The Electronic Oxford English Dictionary



Almost as soon as computers began to be used for solving problems in engineering and the physical sciences, scholars in the humanities were figuring out ways to use them in their own disciplines, particularly to deal with the massive amounts of data in text corpora and reference works that are critical to scholarship and teaching in the humanities.

Roberto Busa, for instance, began work on the computer-based Index Thomisticus in 1949. Later important projects included Professor Kucera's "Brown University Corpus of American English," an analyzed selection of American English prose which set the standard for natural language corpora, and the Thesaurus Linguae Graecae, which contains nearly all ancient Greek texts from Homer to 600 A.D. Soon scholars in every discipline which had an identifiable body of important textual material were wondering how that material could be managed, accessed, and analyzed with the computer. For literature scholars and linguists, as well as dictionary enthusiasts, it is hard to imagine more tempting material for digital treatment than the Oxford English Dictionary, (OED), the massive source of detailed information about the English Language.

Conceived in 1858, the twelve volume Oxford English Dictionary began publishing in 1884 and was finished in 1928. A supplement was added in 1933, which was incorporated into the four supplementary volumes released in the '70's and 80's. It totaled over 21,000 pages with 600,000 headwords, with extensive information about derivation, history, usage, pronunciation, and meanings, and more than 2,400,000 quotations that demonstrate actual word usage over time.

Maintaining a dictionary of this size by means of traditional scholarly and publishing methods is nearly impossible. So it was natural that in planning for the second edition, Oxford University Press turned to the promising resources of the new information technology and formed a partnership with computer scientists and linguists at the University of Waterloo, establishing the "Centre for the New Oxford English Dictionary". However important the practical usefulness of computers is in the production of the second print version of the dictionary, it is the computer's potential for supporting new functionality, such as rapid or complex searches, analysis, and presentation, that is particularly exciting to scholars. The Centre at Waterloo has been the focus of an enormous amount of research into text structuring, text retrieval systems, and indexing, as well as lexicography. Advanced work in this area continues at Brown also, where Jacque Russom, Consulting Linguist for the Women Writers Project (a textbase of writing by women between 1330 and 1830), is leading several WWP projects involving the electronic OED.
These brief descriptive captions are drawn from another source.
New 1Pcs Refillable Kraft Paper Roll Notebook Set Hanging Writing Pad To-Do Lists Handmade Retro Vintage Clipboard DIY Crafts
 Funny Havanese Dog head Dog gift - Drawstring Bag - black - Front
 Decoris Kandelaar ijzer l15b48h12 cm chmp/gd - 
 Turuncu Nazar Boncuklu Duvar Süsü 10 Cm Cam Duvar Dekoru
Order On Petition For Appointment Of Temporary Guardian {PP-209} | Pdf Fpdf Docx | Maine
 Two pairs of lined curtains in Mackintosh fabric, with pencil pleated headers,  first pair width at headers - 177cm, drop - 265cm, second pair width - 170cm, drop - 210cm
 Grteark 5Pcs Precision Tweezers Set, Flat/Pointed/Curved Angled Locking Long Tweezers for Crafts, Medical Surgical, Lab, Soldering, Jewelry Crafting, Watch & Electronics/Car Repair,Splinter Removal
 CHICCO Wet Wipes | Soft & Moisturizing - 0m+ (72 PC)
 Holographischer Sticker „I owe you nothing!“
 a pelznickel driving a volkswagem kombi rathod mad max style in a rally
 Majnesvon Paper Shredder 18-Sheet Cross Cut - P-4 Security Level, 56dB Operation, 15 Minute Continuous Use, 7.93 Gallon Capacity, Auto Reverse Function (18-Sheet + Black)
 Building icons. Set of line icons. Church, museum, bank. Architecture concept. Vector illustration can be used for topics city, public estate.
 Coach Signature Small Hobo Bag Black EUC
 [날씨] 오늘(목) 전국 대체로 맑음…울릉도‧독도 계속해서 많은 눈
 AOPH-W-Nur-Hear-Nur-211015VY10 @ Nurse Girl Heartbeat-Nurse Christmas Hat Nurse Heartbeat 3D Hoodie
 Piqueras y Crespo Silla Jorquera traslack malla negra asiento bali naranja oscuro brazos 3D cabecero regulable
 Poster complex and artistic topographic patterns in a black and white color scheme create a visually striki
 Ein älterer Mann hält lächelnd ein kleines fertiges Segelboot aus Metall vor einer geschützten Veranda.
Responding to faculty interest in bringing the resources of the electronic OED to the broader University community, the University Library and Computing and Information Services carried out a joint project to acquire the data and configure a delivery system that would provide the widest and most functional access feasible. CIS purchased "PAT," a text retrieval engine developed at Waterloo, and the Library purchased the OED data from Oxford University Press. The OED data is structured in a format similar to SGML (the Standard General Markup Language), the standard for coding textual information (such as books, articles, corpora) for use on the computer. This sort of encoding explicitly marks the components of each entry (such as headword, derivation, pronunciation, quotation, quotation author) so that they can be used as retrieval fields. The search engine, PAT, particularly suited for SGML retrieval, processes queries against these fields.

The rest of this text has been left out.